To that end, Lepore and the animation crew first had to create a puppet of Marcel suitable to make multiple copies of. For the short films, Camp used an actual shell, but since carapaces vary in shape and size, it would have been nearly impossible to naturally find enough similar ones.

Instead, they did 3D scans of the actual original Marcel figure and then worked with a company called Stratasys. They were able to 3D print a large number of them in a way that the inner translucency and luster of real shells would come across. Once printed, the puppet team would sand down and paint in highlights on them by hand.

“Marcel is meant to be such a simple thing made of found objects, but re-creating that in a more formal setting where we had to have hundreds of Marcels for our shoot and they all had to be consistent, that was quite a challenge. We had to mass produce something like that and make it animatable and sturdy enough,” explained Lepore.

The petite size of the Marcel puppets, which don’t have any internal armature as most stop-motion characters do, also required added precision when bringing it to life. “It’s literally 1 inch by 1 inch. It’s the smallest puppet that any of the animators had ever worked with before,” said Lepore. “Nobody in the industry ever works with puppets that small.”

As a way to ensure that Marcel remained consistently himself no matter who was animating him throughout the long endeavor, Lepore and Camp put together a “bible” detailing how his movements work, how big his stride is, how quickly he can move when he is trying his fastest, and what the range of motion of his feet is.

“The work that they did is not just a feat of stop motion. It’s a feat of expressing emotion in all the little movements of Marcel’s eye and the nuanced postures they got him to make. They did that acting,” Slate said. “They combined that attention to detail with true heart. If that wasn’t the case, Marcel would be stiffer, he wouldn’t exude as much.”

In order to create the illusion that Marcel coexists with our reality, the film had to be shot twice with two different cinematographers.

First, the live-action shoot in a real house was lensed by Bianca Cline, which occurred like most other productions, except that for the most part the shots were devoid of characters.

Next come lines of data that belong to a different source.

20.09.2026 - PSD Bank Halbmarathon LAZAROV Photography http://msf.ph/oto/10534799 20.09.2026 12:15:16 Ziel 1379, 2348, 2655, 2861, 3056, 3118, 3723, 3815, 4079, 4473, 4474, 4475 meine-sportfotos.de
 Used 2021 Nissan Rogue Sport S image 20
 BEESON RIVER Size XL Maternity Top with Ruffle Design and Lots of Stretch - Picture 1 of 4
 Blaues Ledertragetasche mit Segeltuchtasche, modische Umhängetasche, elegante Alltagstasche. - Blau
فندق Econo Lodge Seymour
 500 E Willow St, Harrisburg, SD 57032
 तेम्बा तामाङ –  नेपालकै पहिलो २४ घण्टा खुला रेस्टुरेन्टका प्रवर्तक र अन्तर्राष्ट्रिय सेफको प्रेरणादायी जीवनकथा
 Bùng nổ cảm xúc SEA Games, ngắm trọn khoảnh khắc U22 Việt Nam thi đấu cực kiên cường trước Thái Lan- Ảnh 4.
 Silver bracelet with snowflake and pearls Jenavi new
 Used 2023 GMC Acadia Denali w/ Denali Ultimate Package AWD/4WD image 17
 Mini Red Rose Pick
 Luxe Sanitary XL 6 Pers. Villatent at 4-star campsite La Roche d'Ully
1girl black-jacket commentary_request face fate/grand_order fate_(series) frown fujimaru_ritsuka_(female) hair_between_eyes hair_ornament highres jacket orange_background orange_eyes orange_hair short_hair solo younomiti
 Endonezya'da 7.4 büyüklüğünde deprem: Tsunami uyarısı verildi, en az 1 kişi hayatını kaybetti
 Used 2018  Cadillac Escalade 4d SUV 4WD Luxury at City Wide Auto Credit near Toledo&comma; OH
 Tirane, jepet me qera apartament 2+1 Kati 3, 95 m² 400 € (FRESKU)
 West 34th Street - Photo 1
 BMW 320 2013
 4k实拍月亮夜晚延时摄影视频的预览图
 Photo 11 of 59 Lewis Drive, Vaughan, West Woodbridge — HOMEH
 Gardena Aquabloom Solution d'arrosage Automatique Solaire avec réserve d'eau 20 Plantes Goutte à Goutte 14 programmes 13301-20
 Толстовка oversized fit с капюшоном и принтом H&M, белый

Lepore had a stand-in of Marcel that she would place in the location to mark where the puppet would go once the stop-motion scenes were composited into the frame. They filmed with the stand-in present, and then again without it. Twice for every single shot.

For the sake of light continuity, it was pivotal for the stop-motion director of photography, Eric Adkins to be present for the live-action operation in order to take copious notes on how each shot was lighted — down to the measurements of the distance between the light source and the character — to be able to re-create them on the stop-motion stages months later.

One of the most impressive examples of Adkins’ skills, Lepore recalled, is the car ride that Marcel takes with Dean early in the film. After studying the live-action footage of that sequence and creating an equivalent of the dashboard, where Marcel stands, on a stop-motion stage, Adkins had to program his lights frame by frame to flicker in a way that would perfectly match how trees or other objects block the light from hitting Marcel as the vehicle moves.

Lepore had a stop-motion staff of around 50 artists working on 10 stages running simultaneously.

“For every interaction that Marcel has with a live-action character or a live-action prop, there was nothing spontaneous about it,” she noted. “It was all meticulously choreographed to make it look ultimately like it’s just off the cuff, as if it just happened.”